Although the financial requirements of this phase are generally lower than those associated with exploration, development, and production activities, they remain substantial, particularly for developing countries with limited financial resources.
Governments must invest in:
- Geological studies;
- Geophysical surveys;
- Data acquisition programmes;
- Petroleum data management systems;
- Institutional development;
- Regulatory capacity building;
- Petroleum promotion activities;
- Environmental baseline studies.
These investments are essential for reducing geological uncertainty and increasing the attractiveness of petroleum acreage to investors.
Government-Funded Data Acquisition
Traditionally, governments finance regional geological and geophysical studies using public funds.

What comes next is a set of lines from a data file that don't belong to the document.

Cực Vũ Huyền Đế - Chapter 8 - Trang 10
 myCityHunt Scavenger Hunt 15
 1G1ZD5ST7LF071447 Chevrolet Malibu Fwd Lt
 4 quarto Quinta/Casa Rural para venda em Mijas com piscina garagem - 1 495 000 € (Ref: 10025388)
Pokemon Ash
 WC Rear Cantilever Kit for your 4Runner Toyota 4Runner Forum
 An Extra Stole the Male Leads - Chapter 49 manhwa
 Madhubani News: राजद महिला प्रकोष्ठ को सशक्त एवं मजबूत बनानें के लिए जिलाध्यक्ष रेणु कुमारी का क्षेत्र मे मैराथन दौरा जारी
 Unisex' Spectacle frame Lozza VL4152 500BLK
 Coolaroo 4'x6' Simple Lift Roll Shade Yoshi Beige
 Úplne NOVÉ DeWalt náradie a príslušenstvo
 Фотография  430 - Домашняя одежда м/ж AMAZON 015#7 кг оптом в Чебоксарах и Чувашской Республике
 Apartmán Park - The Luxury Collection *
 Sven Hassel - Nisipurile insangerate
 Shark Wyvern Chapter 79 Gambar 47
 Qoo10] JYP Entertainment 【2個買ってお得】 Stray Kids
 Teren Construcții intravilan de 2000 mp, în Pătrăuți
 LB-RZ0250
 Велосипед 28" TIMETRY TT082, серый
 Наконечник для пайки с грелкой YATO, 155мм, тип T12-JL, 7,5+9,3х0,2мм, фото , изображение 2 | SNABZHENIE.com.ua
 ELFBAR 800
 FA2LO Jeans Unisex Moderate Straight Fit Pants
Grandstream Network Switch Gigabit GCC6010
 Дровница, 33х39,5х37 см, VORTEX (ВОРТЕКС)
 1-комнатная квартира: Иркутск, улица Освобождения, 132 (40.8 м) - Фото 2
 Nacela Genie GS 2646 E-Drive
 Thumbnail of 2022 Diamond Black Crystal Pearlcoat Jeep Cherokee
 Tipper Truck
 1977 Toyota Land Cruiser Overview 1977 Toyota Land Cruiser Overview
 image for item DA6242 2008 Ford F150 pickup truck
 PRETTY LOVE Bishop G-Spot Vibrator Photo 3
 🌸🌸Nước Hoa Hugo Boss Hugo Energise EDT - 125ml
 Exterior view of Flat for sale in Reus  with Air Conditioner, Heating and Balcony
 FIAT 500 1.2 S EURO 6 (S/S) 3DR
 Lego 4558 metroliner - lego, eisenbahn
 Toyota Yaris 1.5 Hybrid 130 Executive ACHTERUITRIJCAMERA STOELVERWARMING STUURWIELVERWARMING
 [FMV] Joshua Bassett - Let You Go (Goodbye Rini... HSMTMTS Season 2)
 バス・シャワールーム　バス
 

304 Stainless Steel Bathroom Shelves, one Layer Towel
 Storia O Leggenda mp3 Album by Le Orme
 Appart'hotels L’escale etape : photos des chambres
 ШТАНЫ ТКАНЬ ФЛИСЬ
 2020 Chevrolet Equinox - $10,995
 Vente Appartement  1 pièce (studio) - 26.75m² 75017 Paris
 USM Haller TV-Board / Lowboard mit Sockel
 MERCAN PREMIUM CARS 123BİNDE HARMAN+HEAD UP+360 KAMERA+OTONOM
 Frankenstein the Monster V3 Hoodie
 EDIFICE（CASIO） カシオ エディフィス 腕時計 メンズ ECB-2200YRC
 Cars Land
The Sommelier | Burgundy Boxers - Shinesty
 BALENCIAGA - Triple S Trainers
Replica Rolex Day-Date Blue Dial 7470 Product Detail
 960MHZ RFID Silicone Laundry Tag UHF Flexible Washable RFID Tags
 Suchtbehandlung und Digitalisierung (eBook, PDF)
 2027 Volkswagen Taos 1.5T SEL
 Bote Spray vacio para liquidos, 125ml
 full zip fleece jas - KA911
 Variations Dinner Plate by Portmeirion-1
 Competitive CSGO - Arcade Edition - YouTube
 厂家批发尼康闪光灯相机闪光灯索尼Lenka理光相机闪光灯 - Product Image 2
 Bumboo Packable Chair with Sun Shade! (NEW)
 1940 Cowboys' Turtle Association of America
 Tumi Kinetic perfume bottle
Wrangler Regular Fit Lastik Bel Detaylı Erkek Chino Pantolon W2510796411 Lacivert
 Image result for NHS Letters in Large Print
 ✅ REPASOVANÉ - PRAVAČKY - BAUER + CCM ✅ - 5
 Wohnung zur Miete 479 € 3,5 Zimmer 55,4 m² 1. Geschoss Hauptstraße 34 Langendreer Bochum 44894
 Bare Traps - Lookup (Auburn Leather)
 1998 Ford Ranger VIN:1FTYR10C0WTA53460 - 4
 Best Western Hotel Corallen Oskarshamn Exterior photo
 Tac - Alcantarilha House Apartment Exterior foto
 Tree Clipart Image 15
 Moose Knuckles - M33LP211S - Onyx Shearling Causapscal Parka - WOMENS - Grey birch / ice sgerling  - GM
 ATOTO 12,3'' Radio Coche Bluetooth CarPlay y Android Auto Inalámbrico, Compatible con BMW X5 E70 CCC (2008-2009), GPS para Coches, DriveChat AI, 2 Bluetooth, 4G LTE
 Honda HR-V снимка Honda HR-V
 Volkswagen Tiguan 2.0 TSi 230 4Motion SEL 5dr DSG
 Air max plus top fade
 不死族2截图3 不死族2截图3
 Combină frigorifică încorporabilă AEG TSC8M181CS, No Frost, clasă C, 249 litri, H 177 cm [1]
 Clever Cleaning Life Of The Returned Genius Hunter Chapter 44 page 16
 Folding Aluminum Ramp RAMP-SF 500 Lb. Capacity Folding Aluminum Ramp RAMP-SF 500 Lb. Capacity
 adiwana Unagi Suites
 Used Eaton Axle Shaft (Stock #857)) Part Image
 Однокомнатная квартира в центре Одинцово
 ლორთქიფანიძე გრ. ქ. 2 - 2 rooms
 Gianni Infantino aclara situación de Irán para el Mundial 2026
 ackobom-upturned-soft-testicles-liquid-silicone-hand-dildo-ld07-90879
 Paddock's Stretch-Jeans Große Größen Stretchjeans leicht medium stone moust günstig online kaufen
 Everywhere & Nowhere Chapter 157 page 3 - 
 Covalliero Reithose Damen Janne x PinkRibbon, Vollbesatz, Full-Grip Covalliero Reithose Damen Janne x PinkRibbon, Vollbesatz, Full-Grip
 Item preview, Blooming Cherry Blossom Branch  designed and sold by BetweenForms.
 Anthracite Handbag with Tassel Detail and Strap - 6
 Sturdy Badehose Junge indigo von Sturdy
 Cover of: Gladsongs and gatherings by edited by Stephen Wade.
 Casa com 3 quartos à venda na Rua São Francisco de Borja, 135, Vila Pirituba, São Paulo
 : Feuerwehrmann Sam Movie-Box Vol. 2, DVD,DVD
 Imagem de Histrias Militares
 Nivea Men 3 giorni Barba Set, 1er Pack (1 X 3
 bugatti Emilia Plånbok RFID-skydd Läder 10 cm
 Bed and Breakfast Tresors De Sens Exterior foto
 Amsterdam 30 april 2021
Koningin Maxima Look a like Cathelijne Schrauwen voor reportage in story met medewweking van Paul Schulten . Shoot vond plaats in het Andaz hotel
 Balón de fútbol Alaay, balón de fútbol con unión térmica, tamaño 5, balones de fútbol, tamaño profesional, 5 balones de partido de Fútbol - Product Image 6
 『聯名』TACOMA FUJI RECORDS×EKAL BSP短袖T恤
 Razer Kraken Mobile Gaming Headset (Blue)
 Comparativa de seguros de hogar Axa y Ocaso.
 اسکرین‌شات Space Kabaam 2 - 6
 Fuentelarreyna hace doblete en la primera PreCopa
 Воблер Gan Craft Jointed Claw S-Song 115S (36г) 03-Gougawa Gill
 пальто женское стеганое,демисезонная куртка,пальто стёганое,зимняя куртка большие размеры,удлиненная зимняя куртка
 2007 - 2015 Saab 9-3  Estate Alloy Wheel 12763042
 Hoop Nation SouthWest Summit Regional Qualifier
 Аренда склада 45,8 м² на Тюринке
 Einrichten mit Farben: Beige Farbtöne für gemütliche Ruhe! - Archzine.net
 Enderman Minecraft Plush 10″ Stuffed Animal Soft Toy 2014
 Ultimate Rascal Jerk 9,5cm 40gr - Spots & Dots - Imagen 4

Typical expenditures may include:
Geological Mapping
Regional geological mapping programmes provide a fundamental understanding of:
- Basin architecture;
- Structural geology;
- Stratigraphy;
- Petroleum systems.
These studies often form the basis for subsequent exploration activities.
Gravity and Magnetic Surveys
Gravity and aeromagnetic surveys are relatively cost-effective methods of evaluating large frontier areas.
They can provide valuable information regarding:
- Basin extent;
- Sediment thickness;
- Structural trends;
- Basement configuration.
Such surveys are frequently conducted before more expensive seismic acquisition programmes.
Seismic Data Acquisition
Seismic acquisition typically represents the largest expenditure during the pre-licensing phase.
Governments may acquire:
- 2D seismic data;
- 3D seismic data;
- Reprocessed legacy seismic datasets.
These datasets significantly improve understanding of:
- Structural traps;
- Stratigraphic traps;
- Reservoir distribution;
- Hydrocarbon migration pathways.
High-quality seismic data can substantially increase investor interest and improve licence award outcomes.
Multi-Client Data Financing
Many countries utilise multi-client financing arrangements to reduce the financial burden associated with data acquisition.
Under this model:
- Specialised geophysical companies acquire data at their own risk.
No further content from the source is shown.